Marshal of Podlaskie Voivodeship
- In office 30 November 2002 – 20 February 2007
- Preceded by: Sławomir Zgrzywa
- Succeeded by: Dariusz Piontkowski

Personal details
- Born: 10 September 1949 (age 76) Bakałarzewo, Polish People's Republic
- Citizenship: Poland
- Party: Democratic Left Alliance
- Other political affiliations: Polish United Workers' Party (until 1990)
- Alma mater: Main School of Planning and Statistics
- Occupation: Economist, politician

= Janusz Kazimierz Krzyżewski =

Janusz Kazimierz Krzyżewski (born September 10, 1949, in Bakałarzewo) is Polish politician, activist of the Polish United Workers' Party, local government official, who served as Marshal of the Podlaskie Voivodeship from 2002 to 2007.

==Biography==
He graduated in economics from the Main School of Planning and Statistics, and also began doctoral studies. He was employed in industrial enterprises (construction materials plants in Niegocin), then became a full-time employee of the Polish United Workers' Party, among others he was the First Secretary of the City Committee in Giżycko.

From 1975 he worked in the party apparatus in Suwałki, he was deputy head and head of the Economic Department of the Suwałki Voivodeship Committee of the PZPR (1975–1978), First Secretary of the City Committee (1978–1981) and head of the Socio-Economic Department of the Provincial Committee (since 1981). He was the last to hold the position of First Secretary of the PZPR Voivodeship Committee of Suwałki. In the 1990s, he started his own business.

He was one of the founders of the Social Democracy of the Republic of Poland and the Democratic Left Alliance in the region. From 1998 to 2010, he continuously sat on the Podlaskie Voivodeship Sejmik. After the local elections of 2002, he took over the position of the Voivodeship marshal. He held it until 20 February 2007, i.e. until the dissolution of the regional assembly elected in 2006 and the appointment of Jarosław Schabieński as the person acting as the local government body of the Podlaskie Voivodeship.

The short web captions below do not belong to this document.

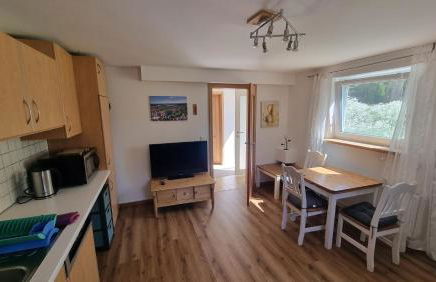 Souterrain Apartment mit Gartenblick - Foto 2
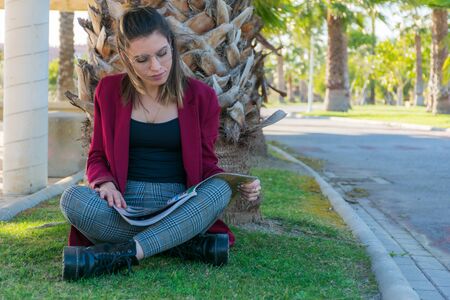 Young woman with glasses sitting on a park grass next to a palm tree reading a magazineの写真素材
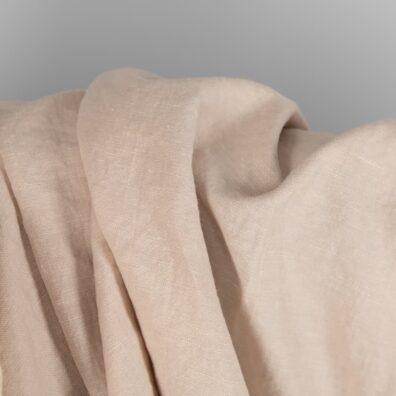 Washed linen cotton fabric light brown colour close up view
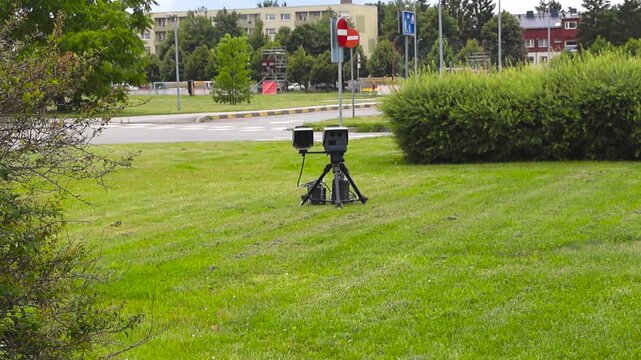 Mobile police Lidar speed camera system on a tripod monitoring city traffic for law enforcement purposes, measuring vehicle velocity to enforce speed limits and improve road safety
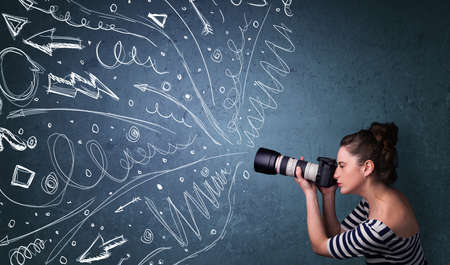 Photographer girl shooting images while energetic hand drawn lines and doodles come out of the cameraの写真素材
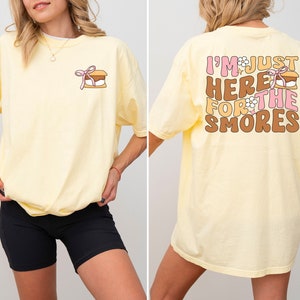 Op de afbeelding: Een geel T-shirt met een afbeelding op de achterkant die "I'm just here for the smores" zegt met een marshmallow-afbeelding. De voorkant van het shirt heeft een kleine afbeelding van een s'more.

In the same year, he became the president of the board of the Municipal Economy Enterprise in Suwałki.

In 2010, he was found guilty of unreliable completion of a property declaration (failure to disclose debts), and the criminal proceedings against him were conditionally discontinued. As a result, he could not run in the next local elections. In 2014, he ran for the regional council again, but did not win a seat.